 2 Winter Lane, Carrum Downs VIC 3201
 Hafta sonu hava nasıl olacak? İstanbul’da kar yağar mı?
========================================================================
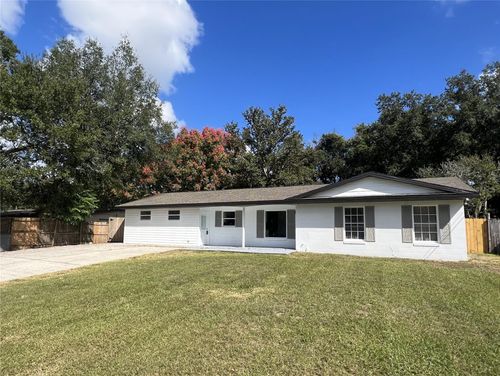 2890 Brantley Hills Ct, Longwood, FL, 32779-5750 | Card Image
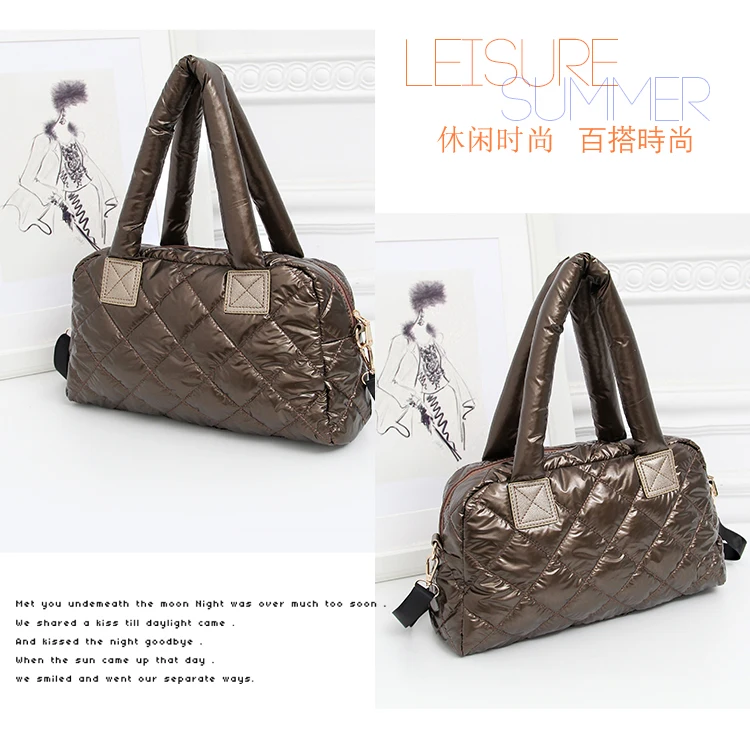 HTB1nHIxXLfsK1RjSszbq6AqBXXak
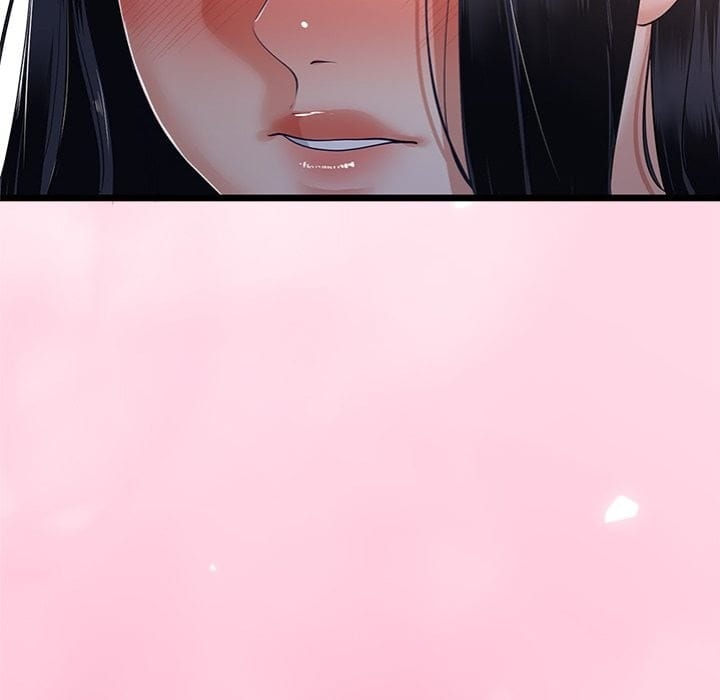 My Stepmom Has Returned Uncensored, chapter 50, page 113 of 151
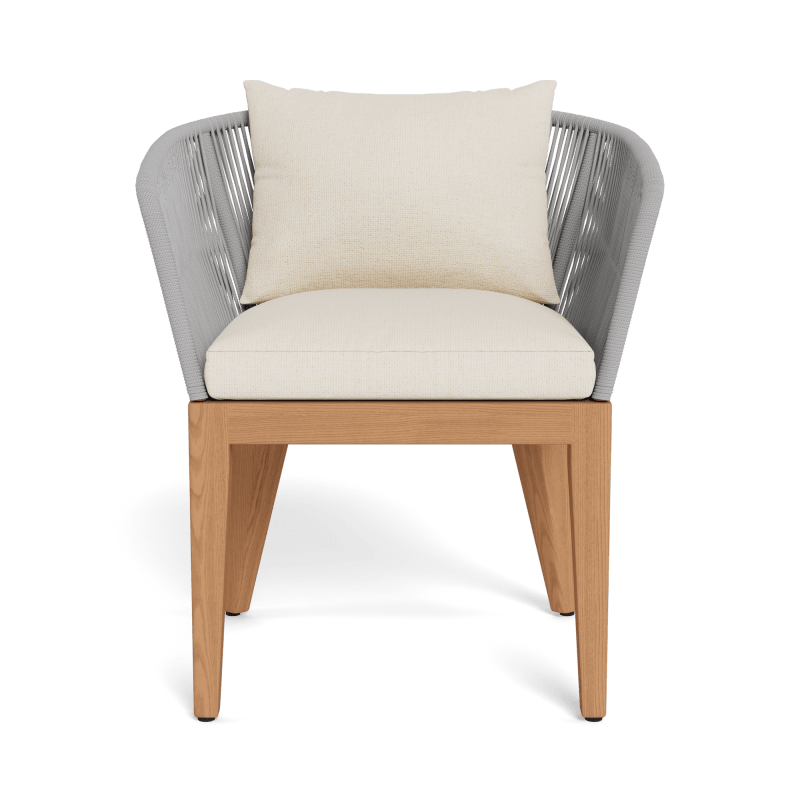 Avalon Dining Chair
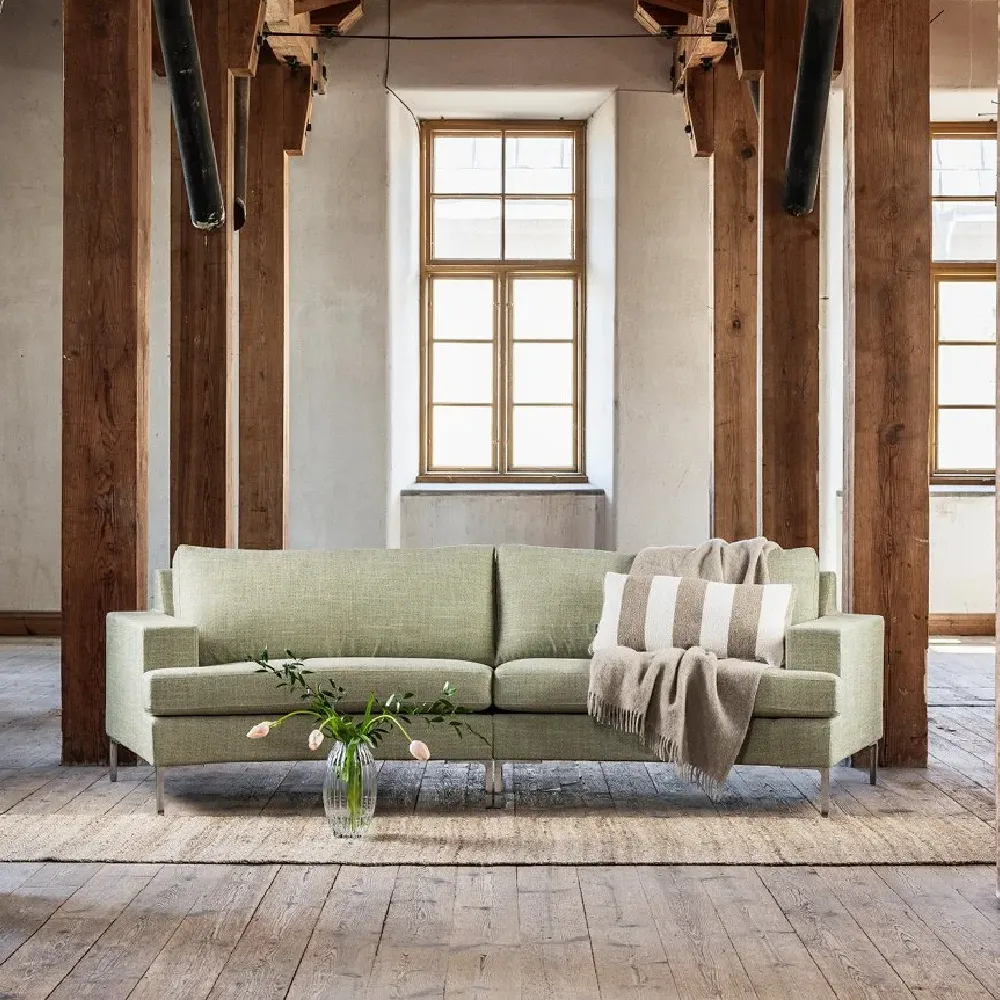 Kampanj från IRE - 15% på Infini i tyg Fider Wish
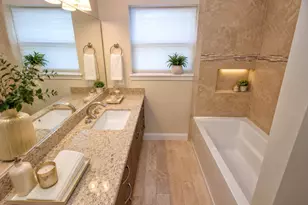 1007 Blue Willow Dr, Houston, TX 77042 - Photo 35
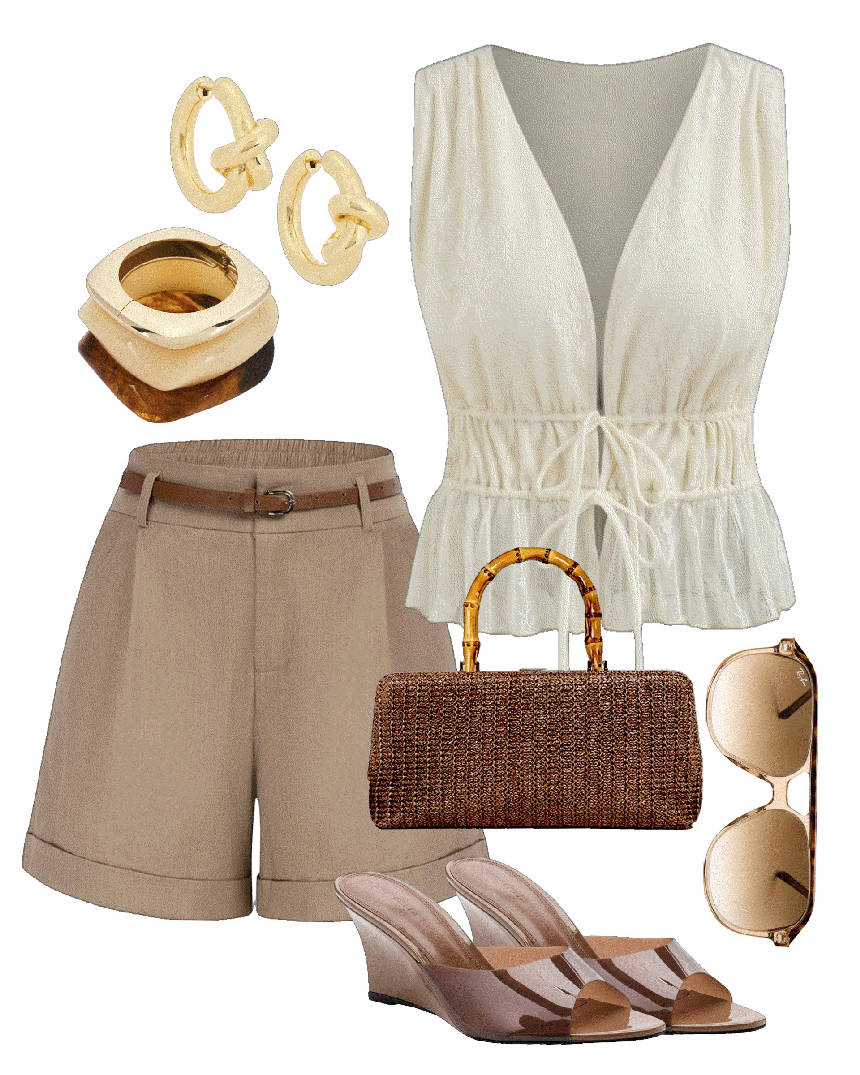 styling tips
========================================================================
■ WHAT IS NEEDED ■
Print from the line containing "2890 Brantley Hills" through the line containing "styling tips" in the data above, exactly as the lines stand, and omit every picture.

■ ANSWER FOR THE TASK ■
 2890 Brantley Hills Ct, Longwood, FL, 32779-5750 | Card Image
 HTB1nHIxXLfsK1RjSszbq6AqBXXak
 My Stepmom Has Returned Uncensored, chapter 50, page 113 of 151
 Avalon Dining Chair
 Kampanj från IRE - 15% på Infini i tyg Fider Wish
 1007 Blue Willow Dr, Houston, TX 77042 - Photo 35
 styling tips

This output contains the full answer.